Participants were drawn from the Australian National Health and Medical Research Council volunteer twin registry in two twin panels. The 1981 twin panel (born in 1900–1964) was surveyed by mailed questionnaire in 1980–1981 and was reassessed in 1988–1989 (N=8,315) (Hannah et al., 1985; Heath et al., 1994; Jardine and Martin, 1984). The 1989 young adult twin cohort (born in 1964–1971) was assessed by questionnaire in 1989 and by follow-up interview in 1996–2000 (N=5,034) (Heath et al., 2001). All studies were approved by the Queensland Institute of Medical Research Human Research Ethics Committee. Subjects included in our analyses were from both 1981 and 1989 twin panels that completed questionnaires in the 1989 survey. There were 4,264 same-sex MZ female twins, 2,976 DZ female twins, 2,674 MZ male twins, 2,100 DZ male twins, and 3,995 unlike-sex DZ female/male twins. Eighty twin pairs had missing zygosity data and were not included in analyses. In addition to collecting questionnaire data from twins, relatives of twins, including parents, siblings, spouse/partners, and adult children of twins were invited to participate in the study. A questionnaire was administered to these participants (N=19,411). Among them, there were 2,617 fathers, 3,227 mothers, 3,885 spouses, 6,803 siblings, and 2,862 children of twins participated in assessments. Further details regarding ascertainment and sample characteristics are reported elsewhere (Heath et al., 1995; Lake et al., 2000). In brief, this twin sample represented typical Australian population in many respects including the prevalence of psychiatric symptoms (Kendler et al., 1986), but had slightly more middle class and educated males (Baker et al., 1996).

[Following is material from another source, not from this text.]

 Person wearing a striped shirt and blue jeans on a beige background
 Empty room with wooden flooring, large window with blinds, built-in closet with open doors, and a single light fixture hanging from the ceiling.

The mean ages (standard deviation) for twin generation were 33.8 (14.1) for 10263 females and 32.7 (13.3) for 8762 males (overall ranged from 18–90 years). For twin’s parents, the mean ages were 59.3 for mothers and 60.8 for fathers (overall ranged from 27–91 years). Because of the wide range of twins’ age, the magnitude of birth cohort effects in smoking behavior was assessed by grouping twins (and their spouses) into one of seven birth cohorts: 1964–1971 (and all twins in 1989 cohort), 1956–1963, 1948–1955, 1940–1947, 1932–1939, 1924–1931, and pre-1923.

2.2. Measures

Participants completed a series of instruments, including self-reported smoking behavior, lifestyle, personality, drinking habits, attitude, and sociodemographic variables. Smoking related items in questionnaires applied to both twin panels in the 1989 survey were the same and have been described in detail elsewhere (Heath et al., 1995). Smoking status was based on item which operationalized as 1) Never smoked, 2) Ex-smoker, or 3) Current smoker. Participants were asked to classify their smoking habits according to this item, as well as their twin (where relevant), mother, father and partner when they were alive.

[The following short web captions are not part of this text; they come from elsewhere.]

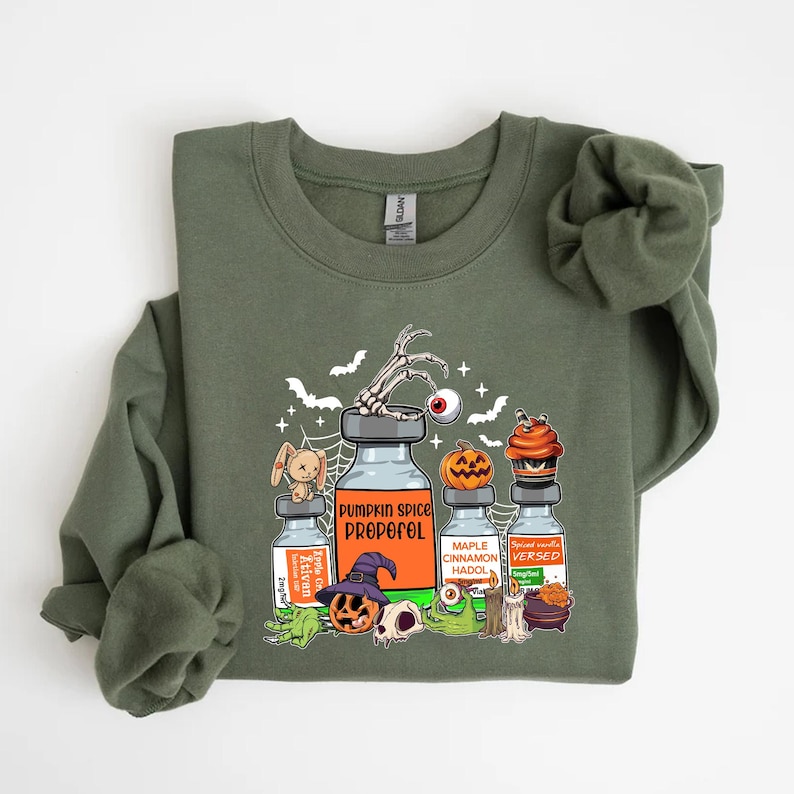 May include: An olive green sweatshirt with a Halloween graphic. The graphic includes cartoon vials labelled "Pumpkin Spice Propofol," "Maple Cinnamon Hadol," and "Spiced Vanilla Versed." Other elements include a skeleton hand, pumpkins, and a cupcake.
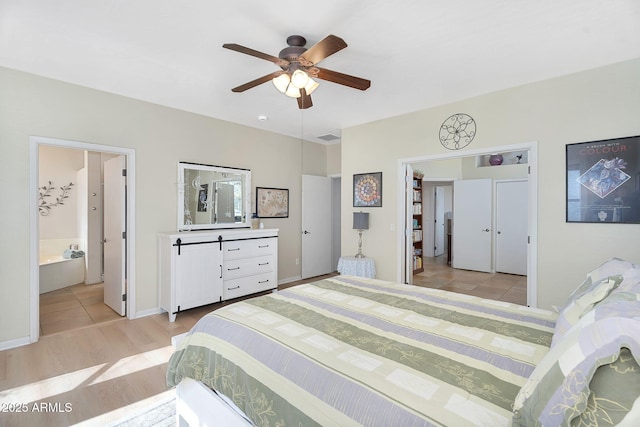 bedroom with visible vents, baseboards, ceiling fan, ensuite bathroom, and light wood-style floors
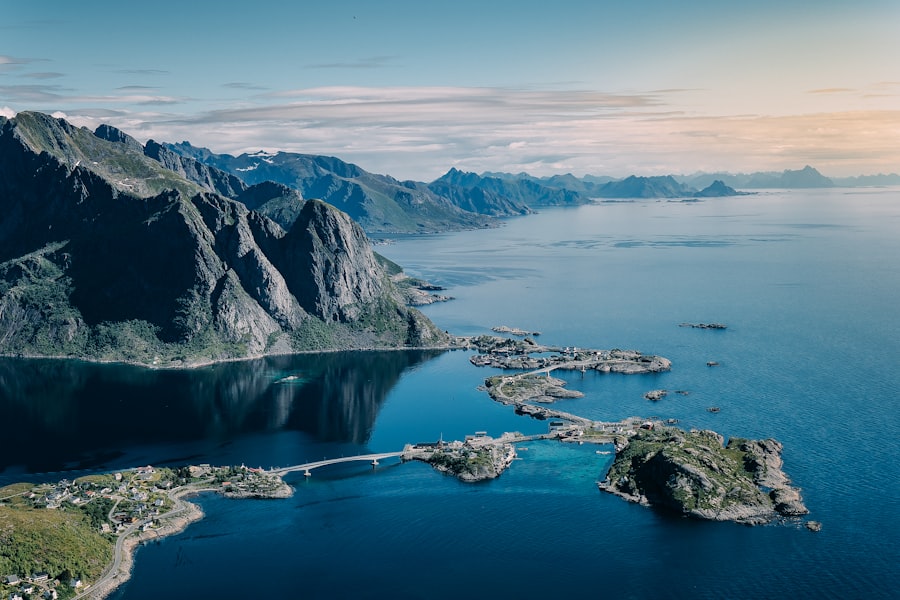 Coastal village nestled among dramatic mountains and blue water.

If there are latent traits/factors influencing assortative mating behavior for smoking, calculation of spousal concordance can be viewed as an assessment of liability to smoking as well as the magnitude of exposure to tobacco use in offspring. Therefore, lifetime smoking was chosen as a more reasonable index than current smoking which may change from time to time. In this study, lifetime smoking was defined dichotomously as yes (ex-smoker/current smoker) or no (never smoked) for each individual.

2.3. Data analysis

Data management and descriptive statistics were conducted using SAS™ (SAS Institute Inc, 2001). As information on smoking status of family members was collected from a number of individuals, measurement models were used to better utilize smoking data from different sources. The estimates of prevalence and spousal correlations for smoking and their 95% confidence intervals in the models were calculated using the Mx program (Neale, 1997). Based on the framework of structural equation modeling, a latent trait in our measurement model represents a “true” smoking status for each individual, which is modeled using one or more indicators (smoking data) gathered from different sources. For instance, to obtain the best-estimate for smoking behavior of one twin, twin’s self-report and spouse-report data were fitted simultaneously into the model.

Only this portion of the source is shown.